I have always been affected by tragedies and disasters that happen in places familiar to me. Especially when it came to Japan, and even with Michelle's death on a stretch of road I had driven many times before. There is an imprint of my experience there and it leaves a mark on the memory of that place to know that something tragic happened there.
And yet, I know nothing about Norway. In fact, the most I know about this part of the world is through Stieg Larsson's Millenium Trilogy, and even then, the books are set in Sweden. Still the two countries are neighbors. As I've read the news reports and the descriptions of Oslo and Utoya, it felt familiar if only the way the cities were described; they reminded me of the stark yet otherwise peaceful cityscapes Larsson described in his books.
I have never been to Norway, but with the pictures I had seen on the news and Larsson's imagery of Stockholm and Hedeby Island it was easy to imagine in my mind's eye this Scandinavian city street or an island summer camp.
I didn't learn until almost 3pm today that 92 people had been killed between the bombing and shooting yesterday in Norway. When Larry told me this as we were eating lunch today, I literally felt sick to my stomach.

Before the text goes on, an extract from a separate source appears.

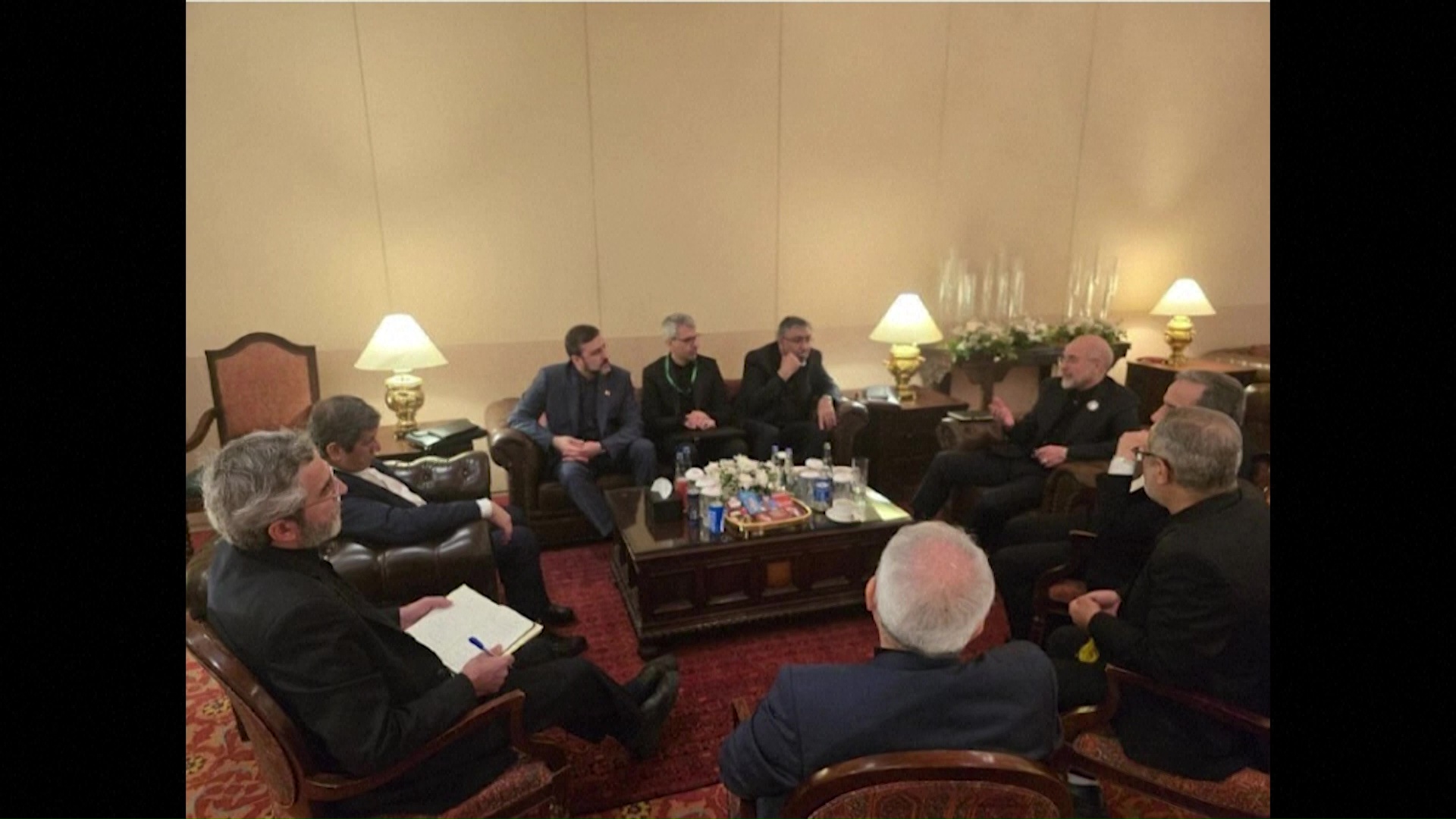 अमेरिका के साथ सीजफायर वार्ता से पहले ईरानी डेलिगेशन आपस में बात करते हुए।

Norway is one of those places like Canada or Finland or Greenland - shit like this just doesn't happen in these places.
And of course I think, "I'm glad I wasn't there when that happened."
What happened in Norway is another reminder to me of "right place/wrong time" - of this idea of chance.

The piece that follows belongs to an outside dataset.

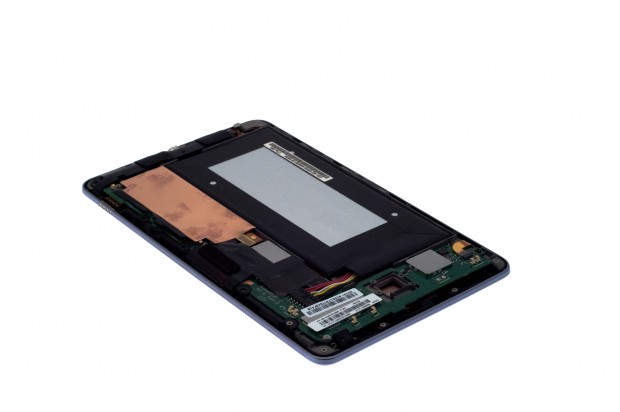 Der Akku ist lediglich mit einem Stecker verbunden, lässt sich also leicht austauschen.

Or fate, depending on how you look at it.
Tragedy happens; it strikes like a viper: indiscriminate, fast, and slithers away almost faster than we realize that we've even been bit.
We always think that Things Like This will always happen to Someone Somewhere Else.

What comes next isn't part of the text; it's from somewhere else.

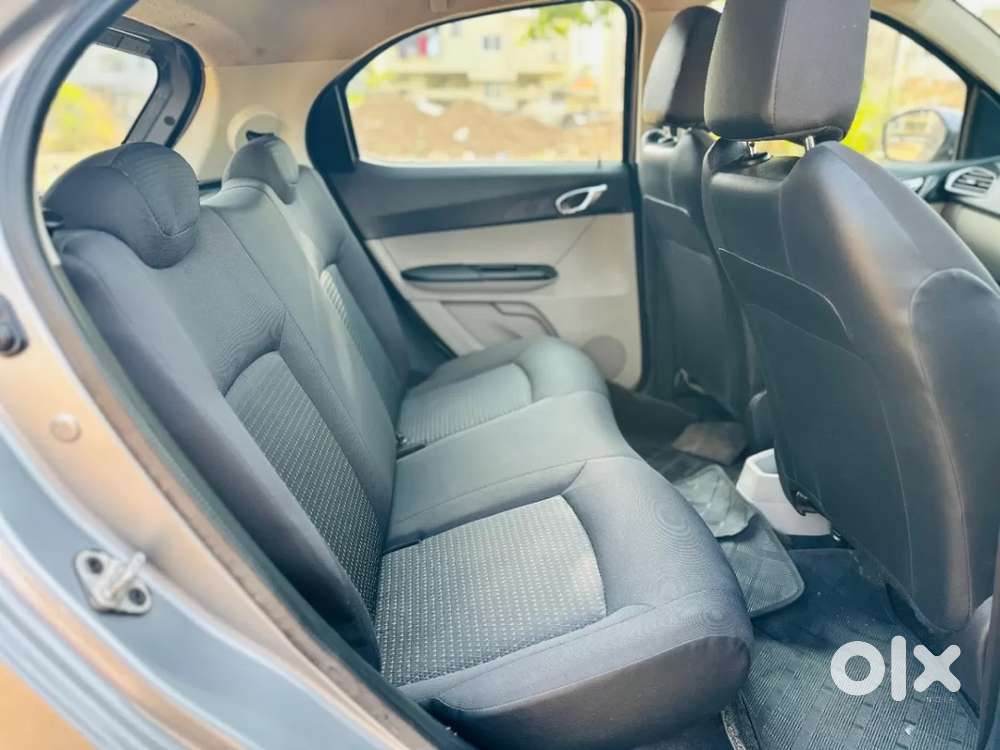 Tata Tiago Xza, 2018, Petrol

Sometimes they do: New York, Afghanistan, Japan, Maryland, Norway.
Sometimes that Someone Else is us: premature ovarian failure.
But just like all those tragedies and moments that may happen miles and miles away from us, I am reminded to be grateful and thankful for this moment, and for where I am in my life. Not just geographically, but in a broader sense of being thankful for the privilege of being alive in this moment where I am.
That of everything else that might be going on in my life - whether it's a toothache or frustrations at work or living with infertility on a daily basis - my family is safe, my friends are okay, and I'm safe and loved.
And I am extremely humbled and grateful knowing that.
I should be thankful and grateful for this everyday, and it's truly sad that it takes tragedies like this to give me pause to remind myself of this gratitude.
That no matter what's happening in the world, no matter what's happening in my life: I should always be thankful for the privilege of being alive right now. But I guess it's when such a senseless loss of life happens that I become more cognizant of this sentiment.
Thoughts and prayers for the people of Norway tonight.